Overview

Key updates in v1.1.9:

  1. Fix: Meaningless warning in the simplebar template.
  2. Fix: Clustering error when input is a single column in the heatmap.
  3. New: Support for outputting trees in the Hub.
  4. Fix: Bug when multiple heatmap units are used together.
  5. New: Color sorting algorithm, supports custom root node color.
  6. New: Two tree-building methods (based on string vectors and data frame row/column names).

Document Format Notes:

  1. The document will be converted to English in the future.
  2. Blockquotes contain error messages; code blocks contain either user-side code or source code, with line numbers in source code to differentiate them from user-side code.

Feature Details and Problem Analysis

1. Fixing the Warning in the Simplebar Template

Problem Description

When creating a DATASET_SIMPLEBAR unit with create_unit, for example:

library(itol.toolkit) # main package
library(dplyr) # data manipulation
library(data.table) # file read

tree_1 <- system.file("extdata","dataset4/otus.contree",package = "itol.toolkit")

data_file_1 <- system.file("extdata","dataset4/annotation.txt",package = "itol.toolkit")

data_1 <- data.table::fread(data_file_1)

# simple_bar by NS
unit_4 <- create_unit(data = data_1 %>% select(ID, Asia),
                      key = "rep_Zhou_4_multibar",
                      type = "DATASET_SIMPLEBAR",
                      tree = tree_1)
## [1] "DATASET_SIMPLEBAR"

In versions v1.1.8 and earlier, the following warning would be triggered:

Warning in mean.default(data) : argument is not numeric or logical: returning NA

The generated template file might contain something like this:

DATASET_SCALE 0.009113938 NA 4.09978

Problem Investigation

When using mean directly, since the selected data frame is not purely a numeric vector, the result cannot be calculated.

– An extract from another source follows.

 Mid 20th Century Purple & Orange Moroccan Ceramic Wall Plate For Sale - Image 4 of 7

data_1 %>% select(Asia) %>% mean()
data_1 %>% select(North_America, Asia) %>% mean()
# Returns: 
# [1] NA
# Warning message:
# In mean.default(.) : argument is not numeric or logical: returning NA

Thus, the solution is to convert the data frame to a vector, then calculate mean by rows or columns, which will yield a numeric vector and resolve the issue:

data_1 %>% select(North_America, Asia) %>% rowMeans() %>% mean()
data_1 %>% select(North_America, Asia) %>% colMeans() %>% mean()
# [1] 0.2529557

# Also works for single-column data:
data_1 %>% select(Asia) %>% rowMeans() %>% mean()
# [1] 0.2657

To fix the issue, change the code at line 1364 in user.R to:

mean <- data %>% rowMeans() %>% mean()

Further Thoughts

In the gradient template, mean() does not trigger a similar issue because gradient does not require a scale value, and instead automatically generates the legend. In the future, a unified function could be designed to handle scale information for different templates.

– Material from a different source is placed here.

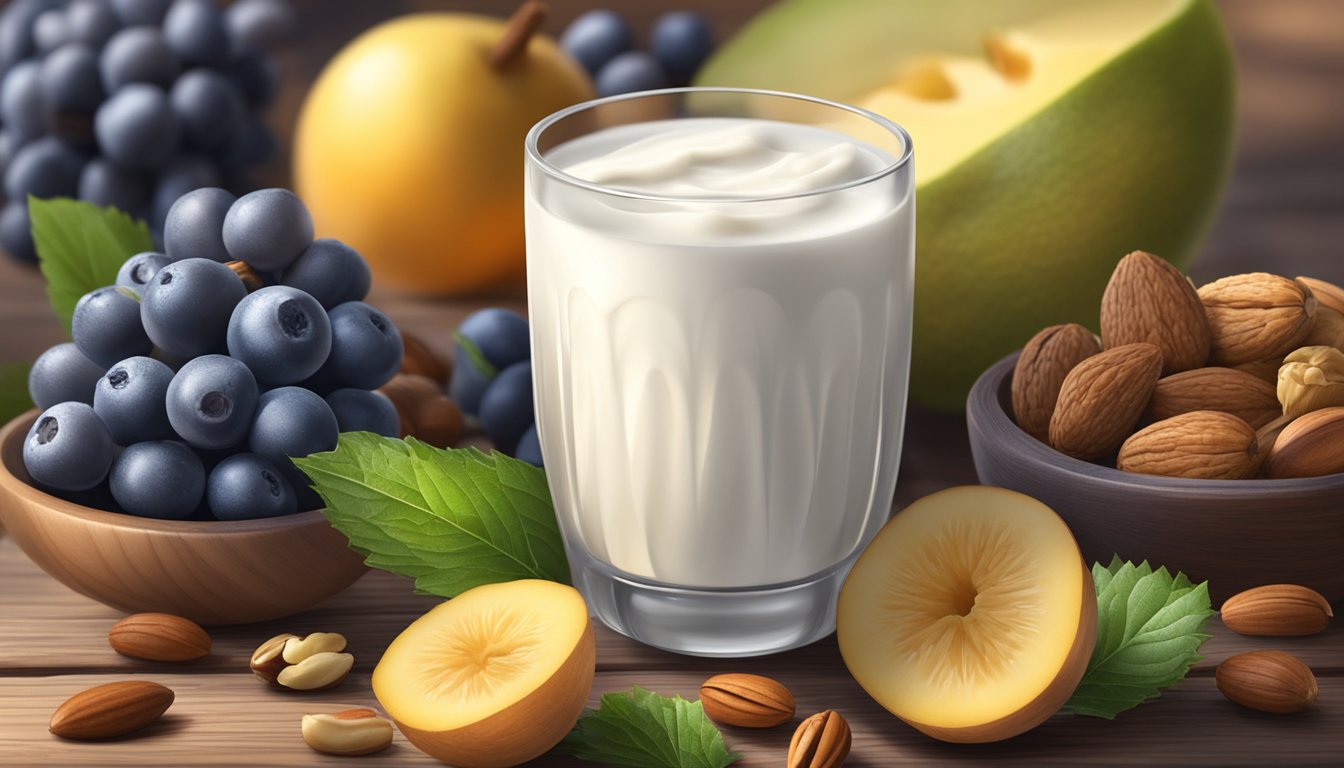 A glass of kefir surrounded by fruits and nuts on a wooden table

2. Fixing the Clustering Error When Heatmap Input is a Single Column

Problem Description

While heatmaps typically take multi-column data as input, and single-column heatmaps can be replaced by the gradient, single-column heatmaps still offer more adjustable parameters. Hence, some users still use the single-column heatmap feature. However, when calling create_unit to create a unit, an error is thrown:

unit_6 <- create_unit(data = data_1 %>% select(ID, Asia),
                      key = "rep_Zhou_6_multibar",
                      type = "DATASET_HEATMAP",
                      tree = tree_1)
# Error in hclust(dist(t(data %>% select(field_names)))) : 
#   must have n >= 2 objects to cluster

Problem Investigation

When hclust is used for clustering, if the input data has only one column, clustering cannot be performed, leading to an error when generating the field tree. Therefore, a conditional check should be added near line 959 in user.R to skip field tree generation if the input is a single column:

if(length(names(data)) == 2){
  field_tree <- NULL
}else{
  field_tree <- write.tree(ape::as.phylo(hclust(dist(t(data %>% select(field_names))))))
}

This ensures that the template file is generated successfully without errors. However, when submitting the updated template to iTOL, the following message is displayed:

Leaf ‘undefined’ in the heatmap field tree is not present in the FIELD_LABELS.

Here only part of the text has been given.